To understand the GC space layout, you may add --trace_gc_verbose to show details for the size of each generation. This is useful when the problem you need to solve is subtle and you need to understand the distribution of new generation and old generation. For example:

[93955]      323 ms: Scavenge 10.8 (43.0) -> 8.7 (43.0) MB, 2 ms [Runtime::PerformGC].
[93955] Memory allocator, used: 44048 KB, available: 1455088 KB
[93955] New space, used: 917 KB, available: 3178 KB, committed: 8192 KB
[93955] Old pointers, used: 3249 KB, available: 278 KB, committed: 3535 KB
[93955] Old data space, used: 2795 KB, available: 106 KB, committed: 3215 KB
[93955] Code space, used: 1362 KB, available: 115 KB, committed: 1992 KB
[93955] Map space, used: 562 KB, available: 573 KB, committed: 1135 KB
[93955] Cell space, used: 39 KB, available: 0 KB, committed: 128 KB
[93955] Large object space, used: 0 KB, available: 1454047 KB, committed: 0 KB
[93955] All spaces, used: 8926 KB, available: 4251 KB, committed: 18198 KB
[93955] Total time spent in GC : 12 ms

Here is a good article about how GC works in Nodejs: https://strongloop.com/strongblog/node-js-performance-garbage-collection/

Another common metric we monitor is the heap size, which can be obtained by calling process.memoryUsage().heapUsed.

Profiling on Production

Sometimes, you may find abnormal memory usage on production. There is a good library to get heap dump on production: heapdump. You can require heapdump in you application and send signal to your process to get heap dump when necessary. This is extremely useful to investigate problems on production.

After you get the heap dump, you can use Chrome browser to load the dump and do comparison between different dumps to find potential memory leaks. See below image as an example.

heapdump

General Nodejs Performance Investigation Strategy

With the above tools and utilities, you should have enough power to investigate Nodejs performance problems.

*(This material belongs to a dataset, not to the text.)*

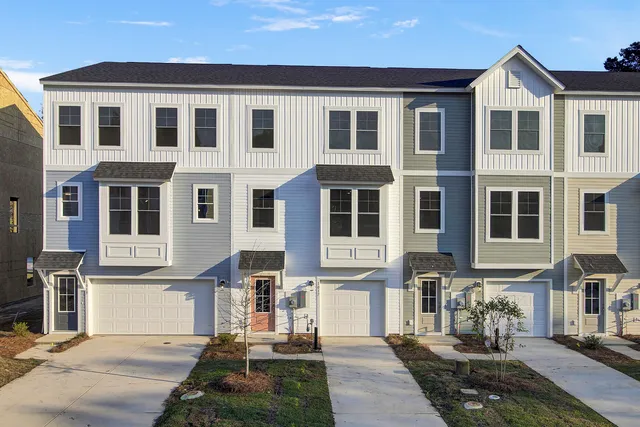 $379,990 | 526 Heathwood Way, Summerville, SC 29486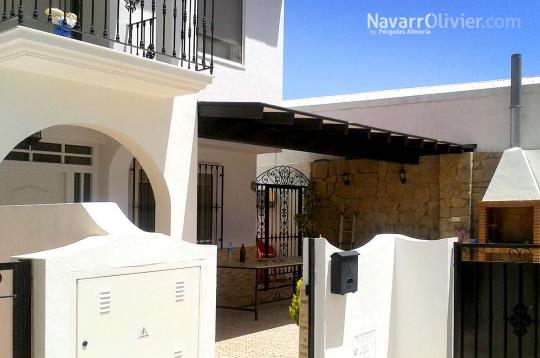 Porche para duplex en Almería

Here are some general strategies you can follow.

  • Find the bottleneck. First of all you need to understand what’s the bottleneck of your system. Is it bandwidth, memory or CPU?
  • Focus on a single code path at a time. After you know your bottleneck, try to use some consistent way to stress your system and using the profiling tools to get the idea why the system is under perform in such fixed condition. As an example, we have a lot of API endpoints in our Nodejs service. When I do performance investigation, I will first find the slowest endpoint. Then focus on that endpoint to start investigation.
  • Start from the most significant issue. If some function takes 50% of your server’s resource (CPU), when you optimize it by 30%, you get 15% total increase. On the other hand, if some function only takes 10% of your total resource, even if you totally eliminate the function, you still can only get 10%. So focus on most significant issue first.
  • Divide and Conquer. Most of the time the problem you are solving is too complex, so you need to break down the problem into small problems. Writing small benchmark scripts to understand how you can improve for each small problem.
  • Metric, metric, metric! On production, there is limited way to get information from your nodejs application. So please report as many metrics as possible when you write code. However please also profile how much cost you spend on reporting metrics, sometimes you may find it’s ridiculously high, then you need to find a way to optimize the reporting.